Since being established a half century ago, the Bureau of Political-Military Affairs has served as the State Department’s primary link with the Department of Defense. The Bureau’s enduring and daily work is representative of the type of cooperation and teamwork that is essential in addressing the evolving security challenges that we cope with around the world.

A strong relationship between the Department of State and the Department of Defense is critical to addressing the serious international challenges that the United States faces today. Secretaries Clinton and Gates have publicly expressed their commitment to a State-Defense relationship that is complementary, not competitive. We in the State Department are working to fulfill that commitment. This close cooperation is essential in South Asia, where we are working with the Afghan and Pakistani governments and with our allies to defeat al-Qaeda and associated extremist groups.

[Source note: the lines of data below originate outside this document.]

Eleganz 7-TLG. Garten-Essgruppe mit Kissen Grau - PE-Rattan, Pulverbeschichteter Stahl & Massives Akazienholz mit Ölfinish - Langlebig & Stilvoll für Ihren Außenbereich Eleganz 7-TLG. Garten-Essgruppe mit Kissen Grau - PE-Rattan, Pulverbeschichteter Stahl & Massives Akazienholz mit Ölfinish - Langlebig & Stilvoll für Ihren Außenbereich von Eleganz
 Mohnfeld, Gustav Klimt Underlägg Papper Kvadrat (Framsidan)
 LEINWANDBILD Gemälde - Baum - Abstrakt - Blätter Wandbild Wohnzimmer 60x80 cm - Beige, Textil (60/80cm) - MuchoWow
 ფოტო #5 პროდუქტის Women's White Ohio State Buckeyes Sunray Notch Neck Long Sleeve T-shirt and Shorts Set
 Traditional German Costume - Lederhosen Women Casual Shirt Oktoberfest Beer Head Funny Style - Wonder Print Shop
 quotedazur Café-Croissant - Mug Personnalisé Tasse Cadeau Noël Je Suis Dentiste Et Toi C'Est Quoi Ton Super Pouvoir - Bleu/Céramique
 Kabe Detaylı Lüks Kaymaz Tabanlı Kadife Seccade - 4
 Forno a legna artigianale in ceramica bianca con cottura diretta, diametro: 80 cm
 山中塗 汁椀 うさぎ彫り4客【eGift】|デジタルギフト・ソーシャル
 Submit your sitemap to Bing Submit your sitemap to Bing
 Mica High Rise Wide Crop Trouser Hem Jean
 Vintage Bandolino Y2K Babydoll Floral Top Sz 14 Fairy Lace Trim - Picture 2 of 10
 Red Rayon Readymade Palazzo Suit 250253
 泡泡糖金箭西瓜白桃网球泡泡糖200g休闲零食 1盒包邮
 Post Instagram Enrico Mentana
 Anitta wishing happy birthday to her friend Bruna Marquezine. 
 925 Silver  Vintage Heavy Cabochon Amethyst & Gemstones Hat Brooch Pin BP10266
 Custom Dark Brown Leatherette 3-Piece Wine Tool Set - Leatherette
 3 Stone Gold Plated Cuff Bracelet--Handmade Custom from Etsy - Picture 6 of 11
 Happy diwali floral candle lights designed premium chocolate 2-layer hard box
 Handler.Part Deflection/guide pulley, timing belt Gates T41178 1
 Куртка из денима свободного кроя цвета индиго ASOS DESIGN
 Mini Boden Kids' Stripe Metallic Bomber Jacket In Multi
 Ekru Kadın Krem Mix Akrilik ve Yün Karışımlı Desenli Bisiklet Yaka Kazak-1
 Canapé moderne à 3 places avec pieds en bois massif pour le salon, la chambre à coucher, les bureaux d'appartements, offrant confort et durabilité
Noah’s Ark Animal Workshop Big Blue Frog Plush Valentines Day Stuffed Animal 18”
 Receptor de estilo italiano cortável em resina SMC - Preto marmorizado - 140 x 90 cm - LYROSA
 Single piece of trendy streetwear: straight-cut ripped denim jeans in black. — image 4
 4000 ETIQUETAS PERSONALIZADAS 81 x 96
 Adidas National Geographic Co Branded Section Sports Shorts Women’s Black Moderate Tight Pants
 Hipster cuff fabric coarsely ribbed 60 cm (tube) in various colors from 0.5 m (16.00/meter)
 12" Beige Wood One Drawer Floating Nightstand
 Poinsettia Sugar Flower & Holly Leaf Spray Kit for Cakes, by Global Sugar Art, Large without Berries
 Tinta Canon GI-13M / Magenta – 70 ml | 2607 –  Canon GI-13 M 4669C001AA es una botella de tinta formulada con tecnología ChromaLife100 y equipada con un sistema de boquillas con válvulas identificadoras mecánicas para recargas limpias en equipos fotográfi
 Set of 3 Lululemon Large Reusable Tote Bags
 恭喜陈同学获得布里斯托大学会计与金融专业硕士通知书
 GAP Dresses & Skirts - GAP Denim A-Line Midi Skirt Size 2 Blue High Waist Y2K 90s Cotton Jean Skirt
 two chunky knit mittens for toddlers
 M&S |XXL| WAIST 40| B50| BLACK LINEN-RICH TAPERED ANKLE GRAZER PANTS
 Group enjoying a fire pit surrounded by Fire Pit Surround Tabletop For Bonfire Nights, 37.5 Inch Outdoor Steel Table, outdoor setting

As Secretary Clinton stated in testimony to the Senate last month, it is clear that our partnership with the Government of Pakistan and progress on the ground in Pakistan are keys to success in Afghanistan, and to the security of the United States. The Afghanistan-Pakistan border region continues to destabilize both countries and serves as a sanctuary for extremist groups who seek to harm the United States. Therefore, we are broadening and deepening our relationship with the Pakistani people and government. We have worked hard to build trust between our two countries, and have made genuine progress. Secretary Clinton’s visit to Pakistan last fall was an important moment. And with the successful completion of the March 24-25 U.S.-Pakistan Strategic Dialogue meeting in Washington – the first time this bilateral forum has been chaired by the Secretary of State and Pakistan’s Foreign Minister – our partnership is on a significantly stronger foundation.

Consistent with the President’s pledge of a long-term partnership with Pakistan and the passage into law of the Enhanced Partnership with Pakistan Act (‘Kerry-Lugar-Berman’), we are making a substantial, long-term commitment of non-military assistance and directing it towards priorities identified by Pakistan’s people and their democratically-elected civilian government. I am here today to talk to the security assistance that the State Department manages, which is complementary to U.S. assistance to civilian authorities and organizations.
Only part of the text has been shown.